> **ENTRIES SHOWN**

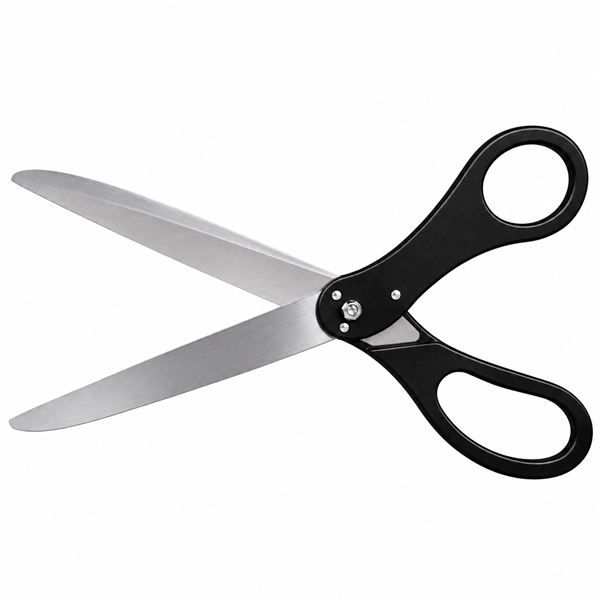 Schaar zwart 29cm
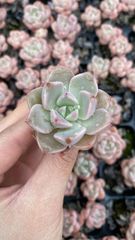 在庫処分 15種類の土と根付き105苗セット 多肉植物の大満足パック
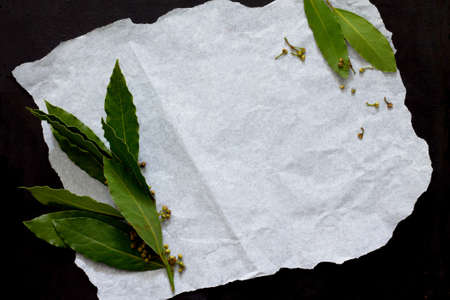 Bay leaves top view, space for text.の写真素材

...

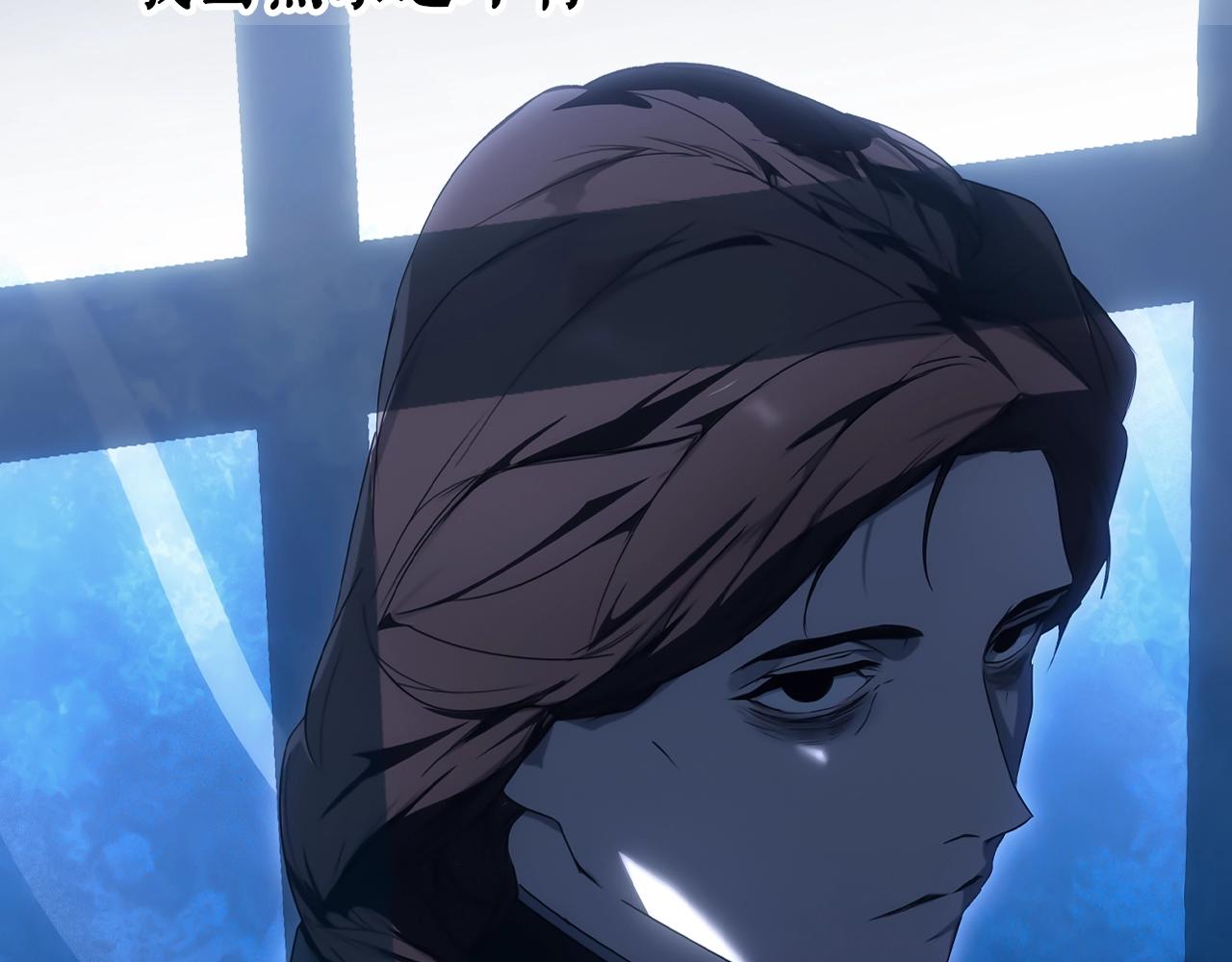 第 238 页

---

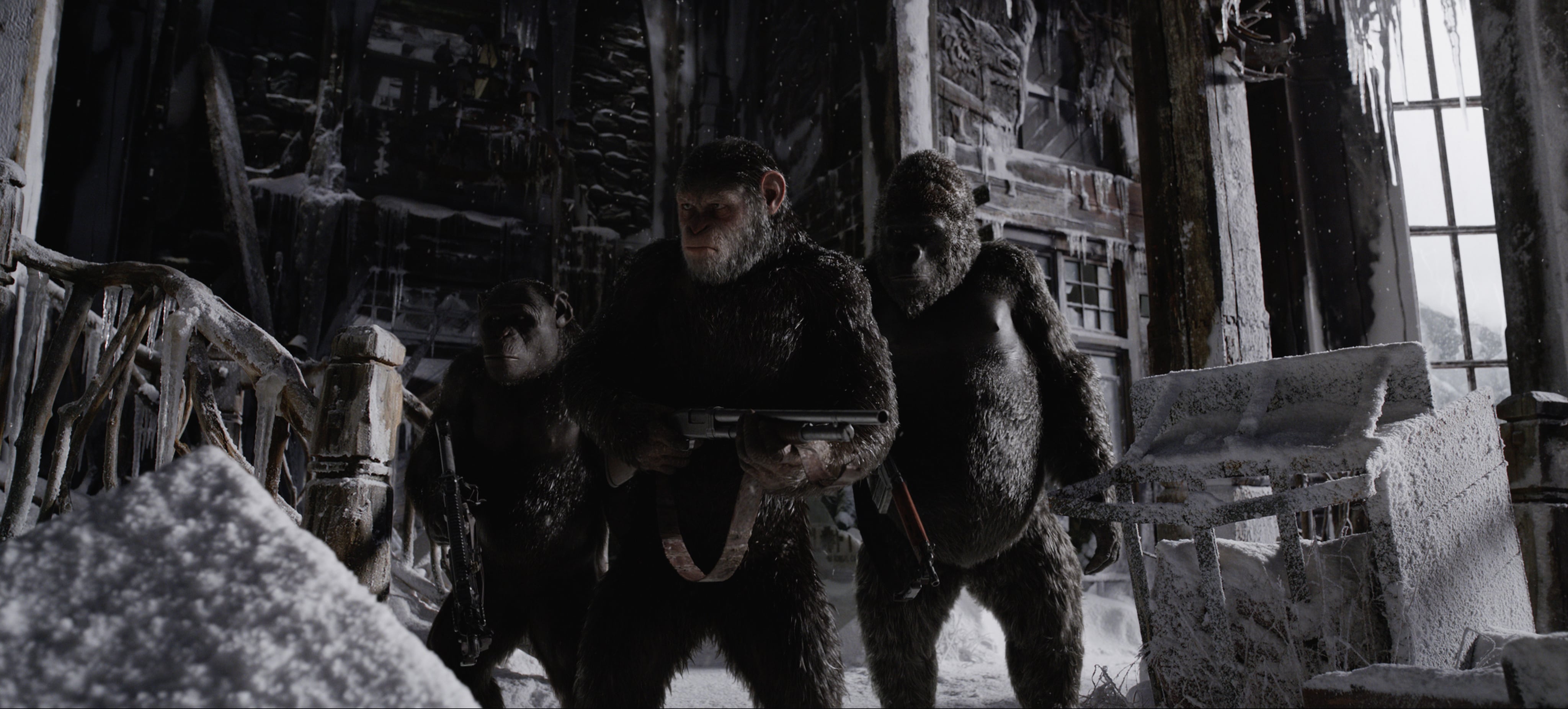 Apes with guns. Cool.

> **EXERCISE OBJECTIVE**
Exactly reproduce the lines above, starting at the one that contains "Schaar zwart 29cm" and ending at the one that contains "Bay leaves top view, space for text.の写真素材", both inclusive; leave the pictures out and add no other lines.

> **RESULT OF THE EXERCISE**
 Schaar zwart 29cm
 在庫処分 15種類の土と根付き105苗セット 多肉植物の大満足パック
 Bay leaves top view, space for text.の写真素材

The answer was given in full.